EXERCISE PROMPT →
Transcribe the data in full and exactly, omitting any pictures.

STORED DATA →
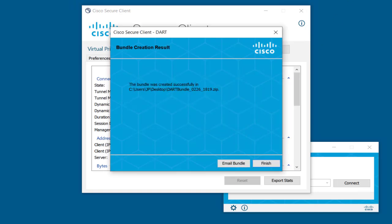You have the option to use Email Bundle, which requires your email client to be set on your PC. Or, you can click Finish and check the path where the DART Bundle is stored.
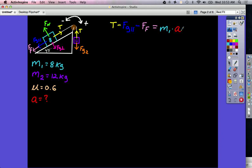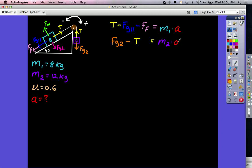For the hanging block, force of gravity 2 is positive and tension is negative, and that equals the mass of that block times the acceleration. What we have is a simultaneous equation — we don't know the acceleration and we don't know the tension. So what we're going to do is add these two equations together.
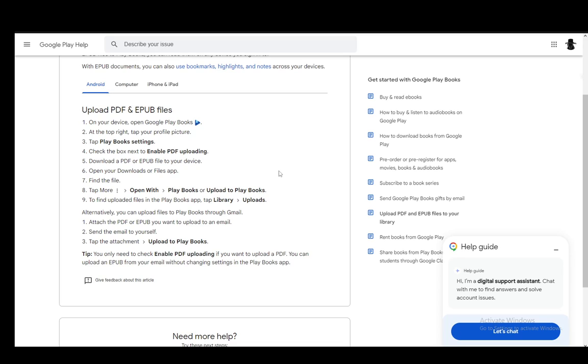Afterwards, you just find the PDF you want to upload. You open up your downloads or your files app and then find the file. Then you tap more by tapping the three dots right next to the file, then going to open with and either select Play Books or Upload to Play Books.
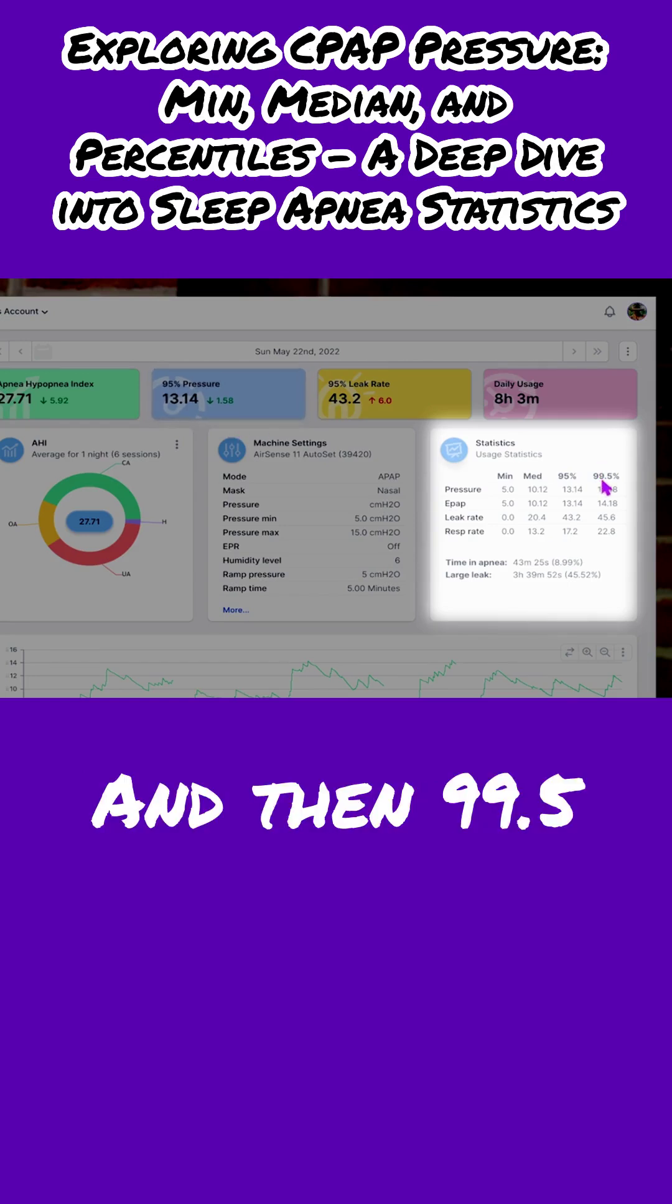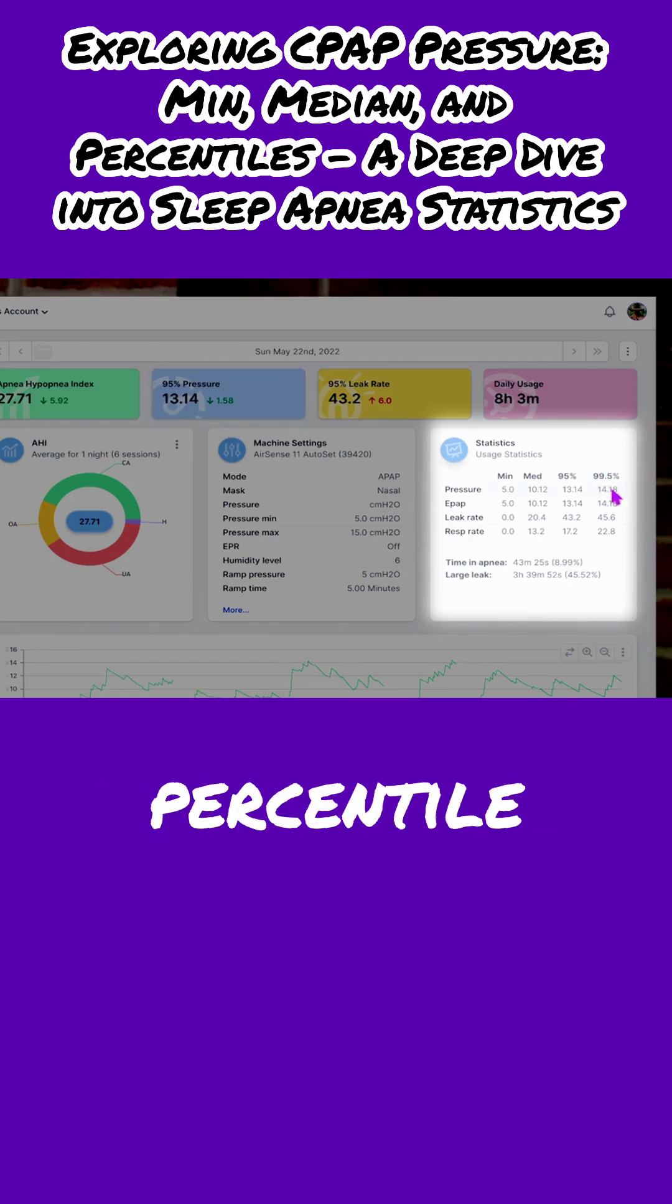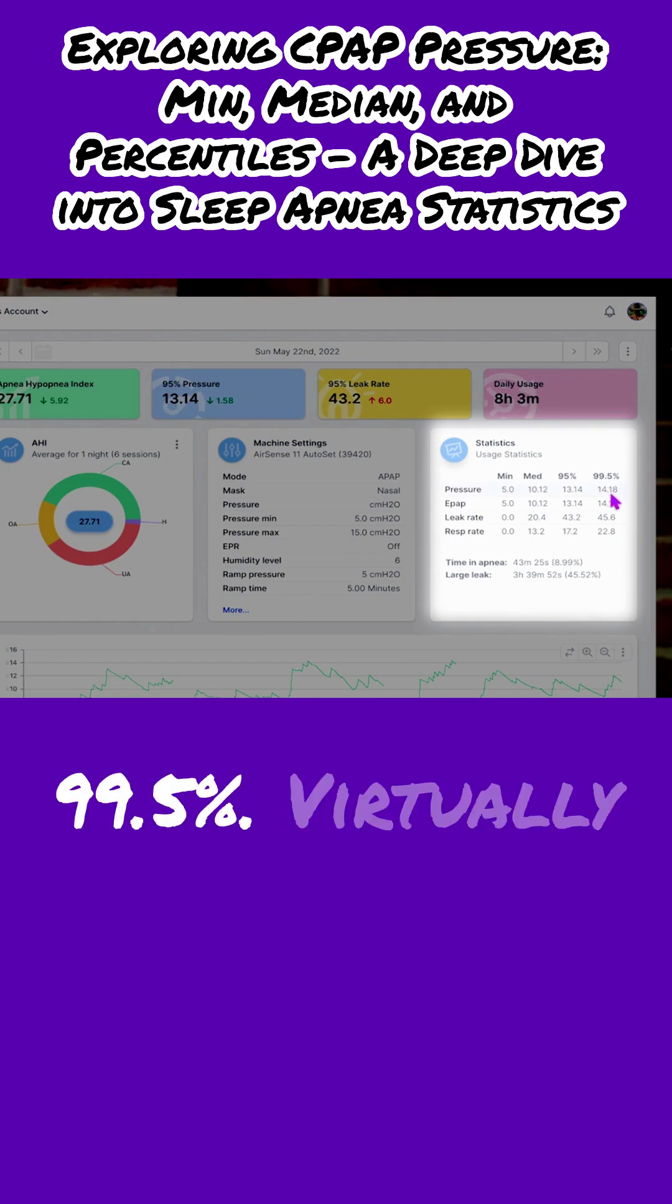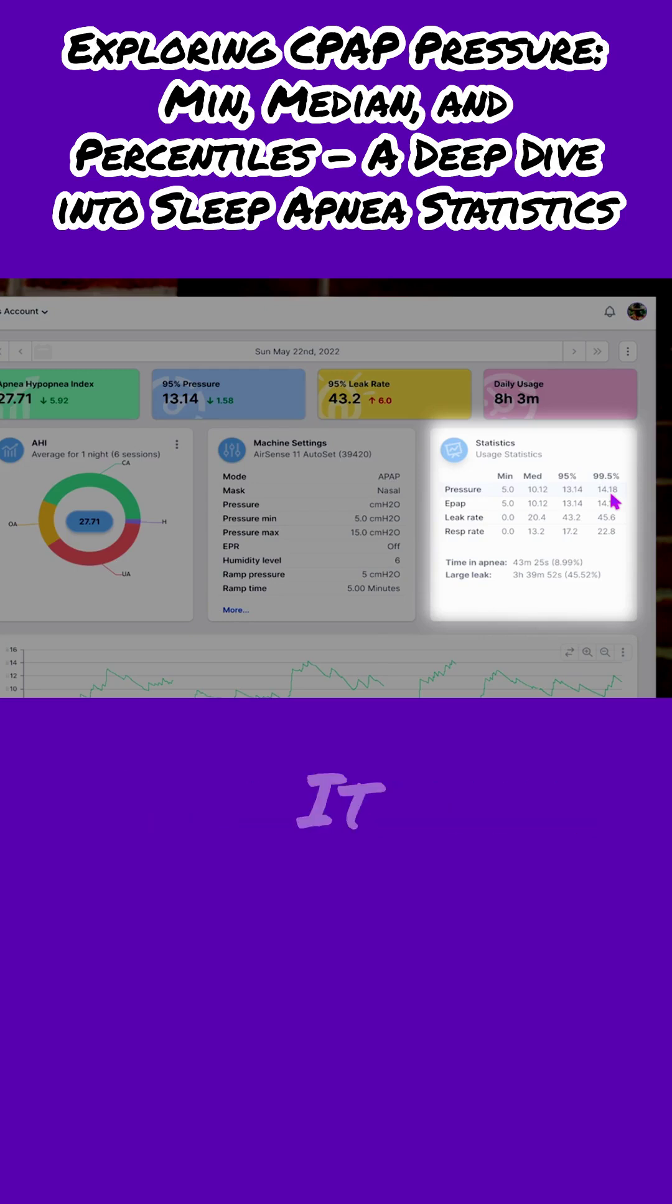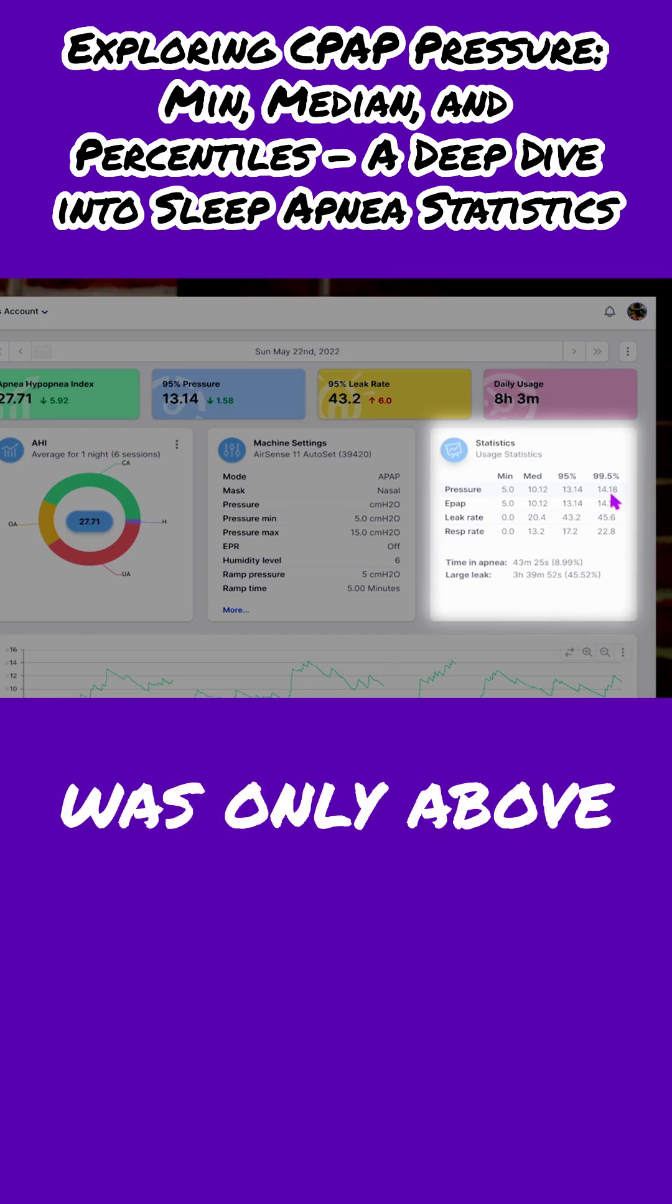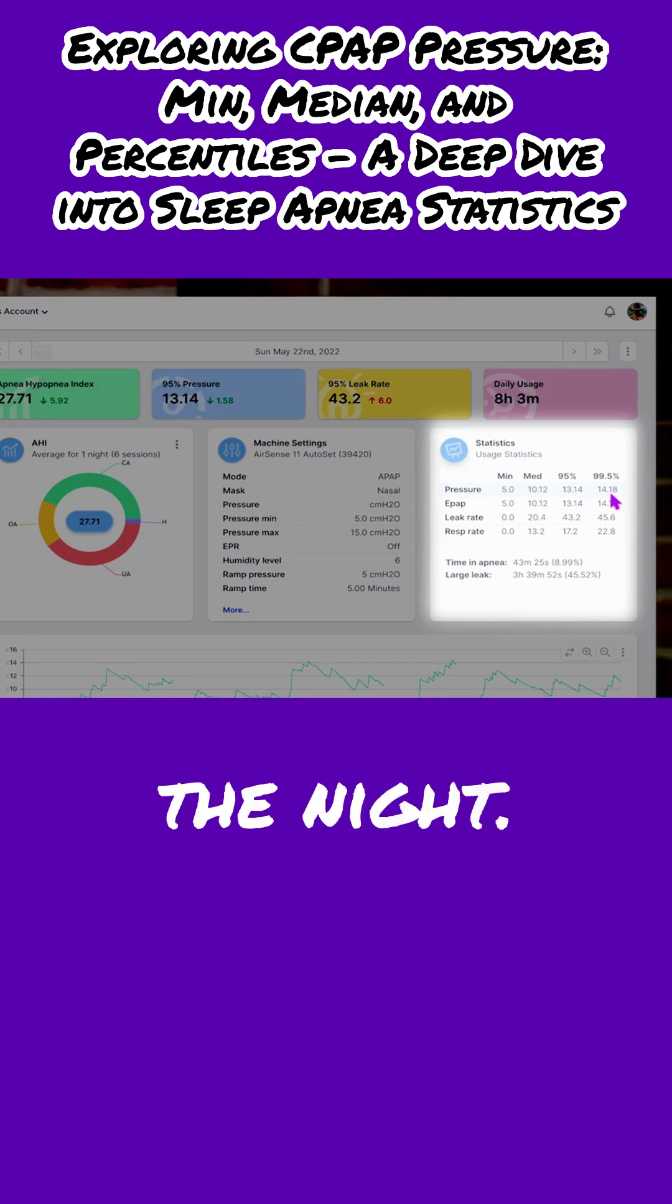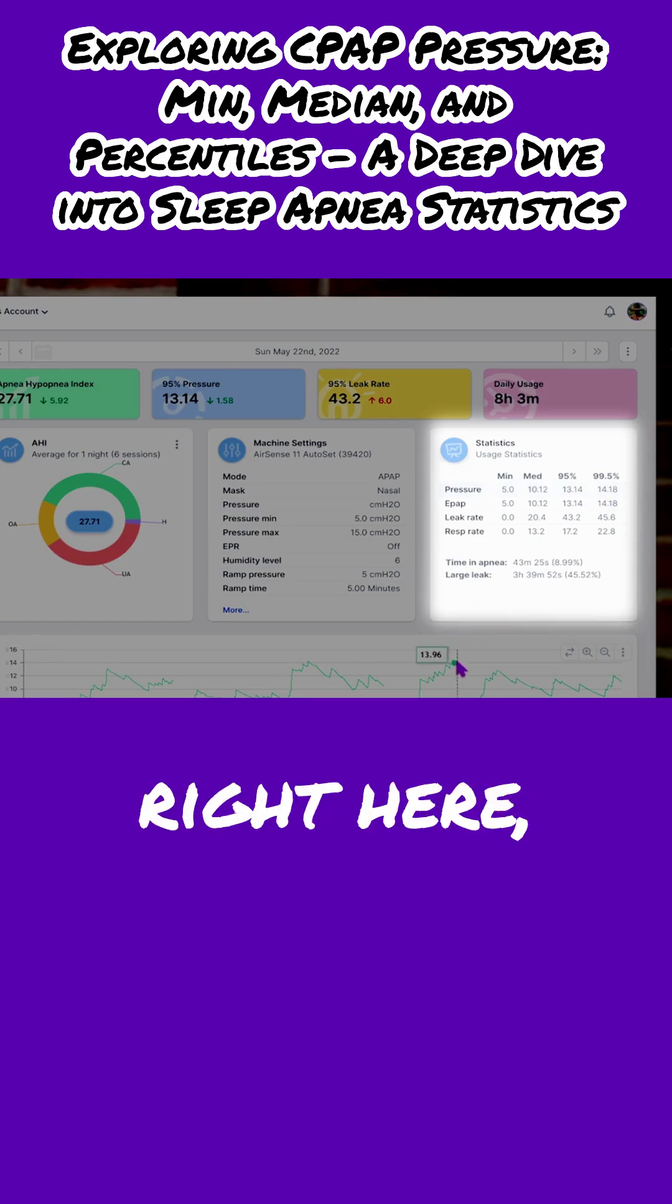And then 99.5 percentile pressure, 14.18. So that is 99.5%, virtually all the night. It was only above 14.18 for 0.5% of the night. This little part right here.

WRITTEN RESPONSE →
You have the option to use Email Bundle, which requires your email client to be set on your PC. Or, you can click Finish and check the path where the DART Bundle is stored.
For the hanging block, force of gravity 2 is positive and tension is negative, and that equals the mass of that block times the acceleration. What we have is a simultaneous equation — we don't know the acceleration and we don't know the tension. So what we're going to do is add these two equations together.
Afterwards, you just find the PDF you want to upload. You open up your downloads or your files app and then find the file. Then you tap more by tapping the three dots right next to the file, then going to open with and either select Play Books or Upload to Play Books.
And then 99.5 percentile pressure, 14.18. So that is 99.5%, virtually all the night. It was only above 14.18 for 0.5% of the night. This little part right here.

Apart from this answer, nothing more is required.